▸ What you should do: Return each entry exactly, so that nothing in the data differs from the original.
*** Exercise data Section Begins ***
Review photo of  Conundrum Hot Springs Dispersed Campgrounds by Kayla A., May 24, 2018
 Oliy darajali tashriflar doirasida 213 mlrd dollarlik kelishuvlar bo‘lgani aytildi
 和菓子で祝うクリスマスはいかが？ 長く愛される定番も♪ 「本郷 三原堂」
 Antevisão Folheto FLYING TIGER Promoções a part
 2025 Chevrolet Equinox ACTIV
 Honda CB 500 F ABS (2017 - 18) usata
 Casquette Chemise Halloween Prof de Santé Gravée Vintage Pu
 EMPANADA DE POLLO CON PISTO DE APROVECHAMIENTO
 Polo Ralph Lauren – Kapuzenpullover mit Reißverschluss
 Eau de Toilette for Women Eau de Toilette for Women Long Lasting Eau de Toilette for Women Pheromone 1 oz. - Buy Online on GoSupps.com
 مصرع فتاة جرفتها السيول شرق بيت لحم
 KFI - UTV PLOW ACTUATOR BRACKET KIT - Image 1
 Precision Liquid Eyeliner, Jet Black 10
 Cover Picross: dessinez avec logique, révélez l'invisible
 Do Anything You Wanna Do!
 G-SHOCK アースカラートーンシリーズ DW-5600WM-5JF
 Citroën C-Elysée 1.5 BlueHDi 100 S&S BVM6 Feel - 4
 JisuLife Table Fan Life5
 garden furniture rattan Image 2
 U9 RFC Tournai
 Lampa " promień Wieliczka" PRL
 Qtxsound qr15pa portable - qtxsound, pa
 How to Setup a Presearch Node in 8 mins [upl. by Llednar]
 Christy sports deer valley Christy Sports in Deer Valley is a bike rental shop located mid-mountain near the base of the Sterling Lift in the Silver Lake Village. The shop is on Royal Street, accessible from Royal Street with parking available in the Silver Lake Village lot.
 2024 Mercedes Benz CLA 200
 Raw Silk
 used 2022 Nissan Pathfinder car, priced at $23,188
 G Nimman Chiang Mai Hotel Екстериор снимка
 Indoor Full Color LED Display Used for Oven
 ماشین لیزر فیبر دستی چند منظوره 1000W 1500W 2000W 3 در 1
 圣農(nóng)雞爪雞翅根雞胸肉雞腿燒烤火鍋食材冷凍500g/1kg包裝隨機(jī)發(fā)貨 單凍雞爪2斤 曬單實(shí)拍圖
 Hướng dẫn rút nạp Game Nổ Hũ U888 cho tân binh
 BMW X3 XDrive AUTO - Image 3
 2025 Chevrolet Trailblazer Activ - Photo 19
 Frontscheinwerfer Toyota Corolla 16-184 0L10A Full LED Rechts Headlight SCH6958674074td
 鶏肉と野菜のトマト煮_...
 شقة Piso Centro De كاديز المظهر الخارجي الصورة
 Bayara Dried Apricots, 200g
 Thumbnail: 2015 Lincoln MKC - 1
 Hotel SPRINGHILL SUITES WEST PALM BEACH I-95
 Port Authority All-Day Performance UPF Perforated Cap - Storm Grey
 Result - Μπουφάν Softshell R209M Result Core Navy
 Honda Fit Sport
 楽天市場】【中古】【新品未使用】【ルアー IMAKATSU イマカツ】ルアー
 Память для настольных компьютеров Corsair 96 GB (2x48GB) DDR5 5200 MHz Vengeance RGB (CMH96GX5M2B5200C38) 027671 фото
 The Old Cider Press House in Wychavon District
*** Exercise data Section Ends ***
▸ Task answer:
Review photo of  Conundrum Hot Springs Dispersed Campgrounds by Kayla A., May 24, 2018
 Oliy darajali tashriflar doirasida 213 mlrd dollarlik kelishuvlar bo‘lgani aytildi
 和菓子で祝うクリスマスはいかが？ 長く愛される定番も♪ 「本郷 三原堂」
 Antevisão Folheto FLYING TIGER Promoções a part
 2025 Chevrolet Equinox ACTIV
 Honda CB 500 F ABS (2017 - 18) usata
 Casquette Chemise Halloween Prof de Santé Gravée Vintage Pu
 EMPANADA DE POLLO CON PISTO DE APROVECHAMIENTO
 Polo Ralph Lauren – Kapuzenpullover mit Reißverschluss
 Eau de Toilette for Women Eau de Toilette for Women Long Lasting Eau de Toilette for Women Pheromone 1 oz. - Buy Online on GoSupps.com
 مصرع فتاة جرفتها السيول شرق بيت لحم
 KFI - UTV PLOW ACTUATOR BRACKET KIT - Image 1
 Precision Liquid Eyeliner, Jet Black 10
 Cover Picross: dessinez avec logique, révélez l'invisible
 Do Anything You Wanna Do!
 G-SHOCK アースカラートーンシリーズ DW-5600WM-5JF
 Citroën C-Elysée 1.5 BlueHDi 100 S&S BVM6 Feel - 4
 JisuLife Table Fan Life5
 garden furniture rattan Image 2
 U9 RFC Tournai
 Lampa " promień Wieliczka" PRL
 Qtxsound qr15pa portable - qtxsound, pa
 How to Setup a Presearch Node in 8 mins [upl. by Llednar]
 Christy sports deer valley Christy Sports in Deer Valley is a bike rental shop located mid-mountain near the base of the Sterling Lift in the Silver Lake Village. The shop is on Royal Street, accessible from Royal Street with parking available in the Silver Lake Village lot.
 2024 Mercedes Benz CLA 200
 Raw Silk
 used 2022 Nissan Pathfinder car, priced at $23,188
 G Nimman Chiang Mai Hotel Екстериор снимка
 Indoor Full Color LED Display Used for Oven
 ماشین لیزر فیبر دستی چند منظوره 1000W 1500W 2000W 3 در 1
 圣農(nóng)雞爪雞翅根雞胸肉雞腿燒烤火鍋食材冷凍500g/1kg包裝隨機(jī)發(fā)貨 單凍雞爪2斤 曬單實(shí)拍圖
 Hướng dẫn rút nạp Game Nổ Hũ U888 cho tân binh
 BMW X3 XDrive AUTO - Image 3
 2025 Chevrolet Trailblazer Activ - Photo 19
 Frontscheinwerfer Toyota Corolla 16-184 0L10A Full LED Rechts Headlight SCH6958674074td
 鶏肉と野菜のトマト煮_...
 شقة Piso Centro De كاديز المظهر الخارجي الصورة
 Bayara Dried Apricots, 200g
 Thumbnail: 2015 Lincoln MKC - 1
 Hotel SPRINGHILL SUITES WEST PALM BEACH I-95
 Port Authority All-Day Performance UPF Perforated Cap - Storm Grey
 Result - Μπουφάν Softshell R209M Result Core Navy
 Honda Fit Sport
 楽天市場】【中古】【新品未使用】【ルアー IMAKATSU イマカツ】ルアー
 Память для настольных компьютеров Corsair 96 GB (2x48GB) DDR5 5200 MHz Vengeance RGB (CMH96GX5M2B5200C38) 027671 фото
 The Old Cider Press House in Wychavon District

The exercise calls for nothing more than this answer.